Love the post, love amaze's work. How appropriate for the Haight: surprising, cool, and ultimately corporate-sponsored.
i had never heard of amaze either, nor could tell that it said amaze, but when sfmetblogs (and jeez, i can't believe that i'm using them to defend myself) posted about this yesterday and sfist linked to their post last night, it was all explained what it said and why it was there.
The best mural by far in the city (in my humble opinion) is the one on the back of safeway,by church, visible as you come out of the underground on the n, and j. It is fantastic, would love to see something like it on that corner. Who painted it??
@Dave
That is the Duboce Bikeway Mural done by Mona Caron
This post is a great example of why we still need traditional media. A full-time professional journalist would have done some fact-checking, called the building owner, figured out what was going on, interviewed AMAZE or some other graf writers, and written a Proper News Story.

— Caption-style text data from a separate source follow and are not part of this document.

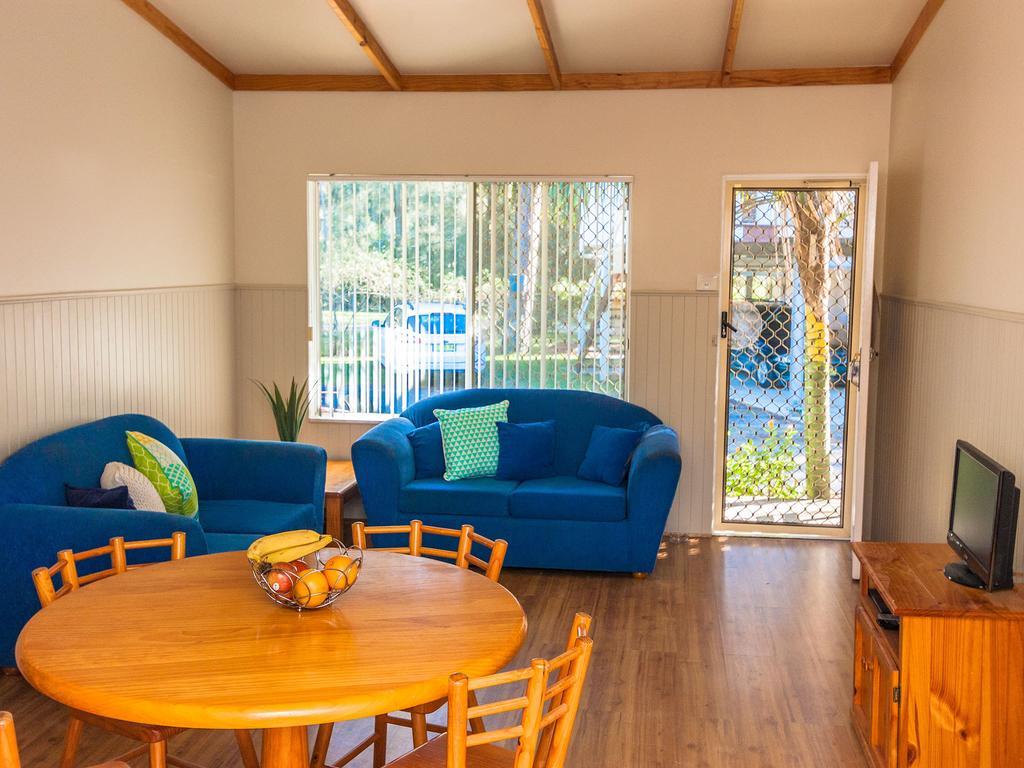 Caseys Beach Holiday Park Sunshine Bay Δωμάτιο φωτογραφία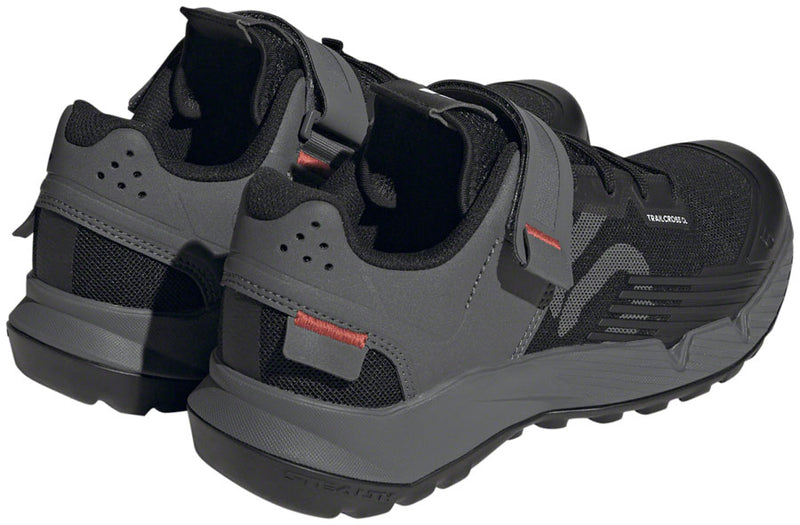 Load image into Gallery viewer, Five Ten Trailcross Mountain Clipless Shoes - Women's Core BLK/Gray Three/Red 10.5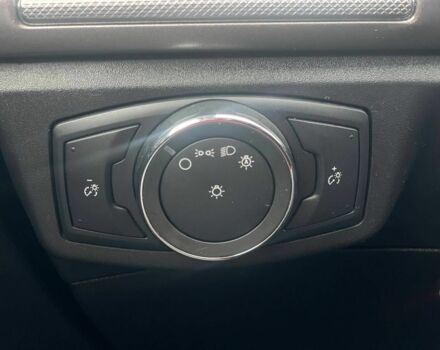 Красный Форд Фьюжн, объемом двигателя 2.5 л и пробегом 130 тыс. км за 12999 $, фото 18 на Automoto.ua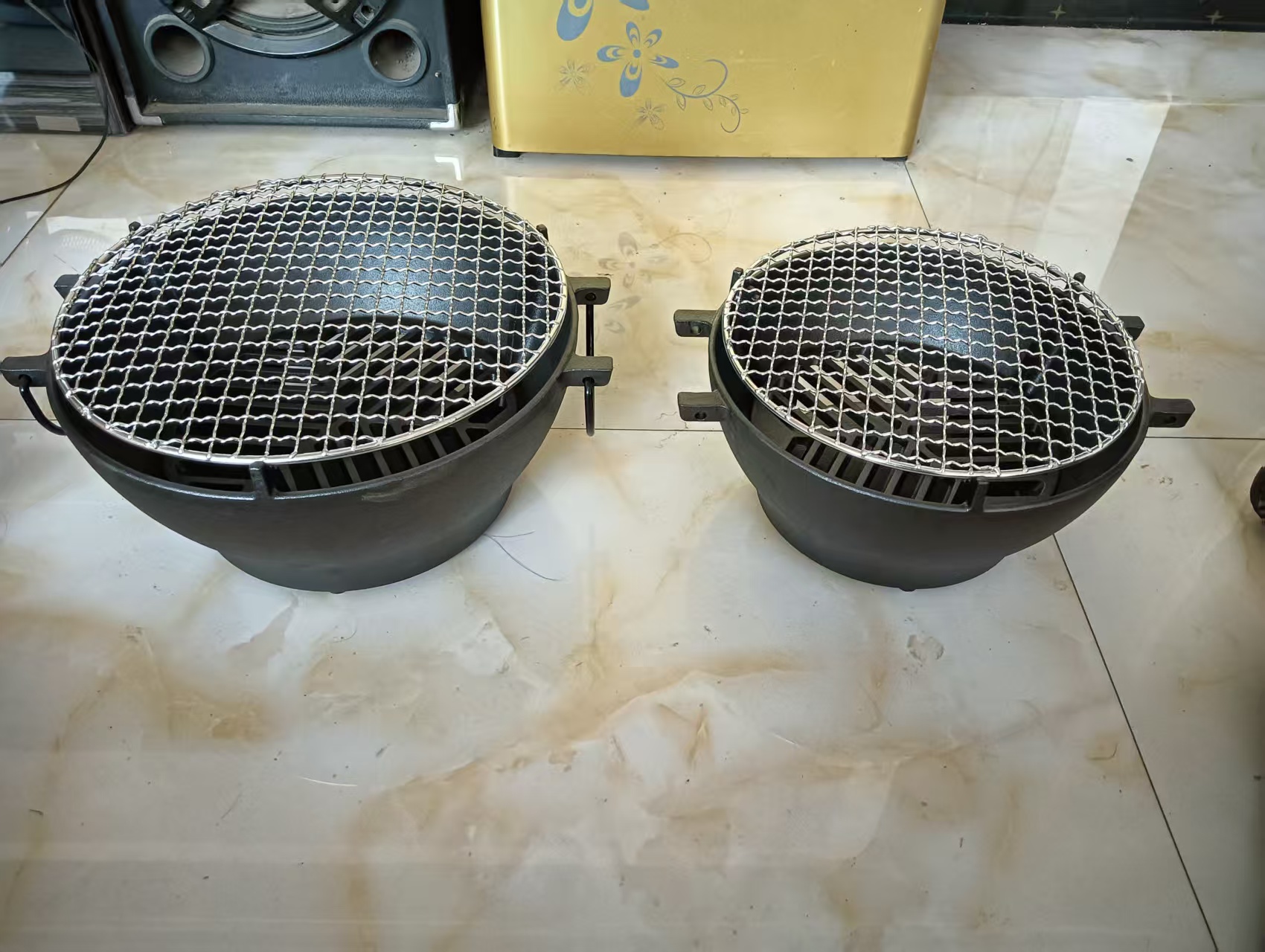 Cast iron barbecue grill outdoor carbon grill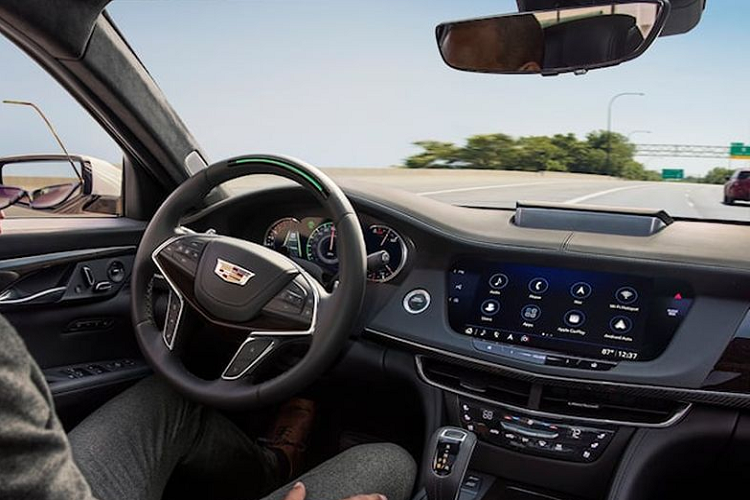 CarBuzz đã phát hiện ra một bằng sáng chế được nộp cho Văn phòng Bằng sáng chế và Thương hiệu Hoa Kỳ của General Motors. Theo đó, nhà sản xuất lớn thứ nhì thế giới đã đăng ký bản quyền cho hệ thống tính toán loại trừ thời gian dừng chờ tại các tuyến đường có đèn tín hiệu.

Now someone will respond with something like: "I saw some story in the Chronicle that was totally incorrect! They're wrong all the time!" Sure, there are incompetent people in every profession. But at least, newspaper reporters are supposed to maintain journalistic standards and be held accountable if they don't.
And what's so monstrous about The Gap anyways? They'll probably be replaced by a store that sells similar products for 4x as much.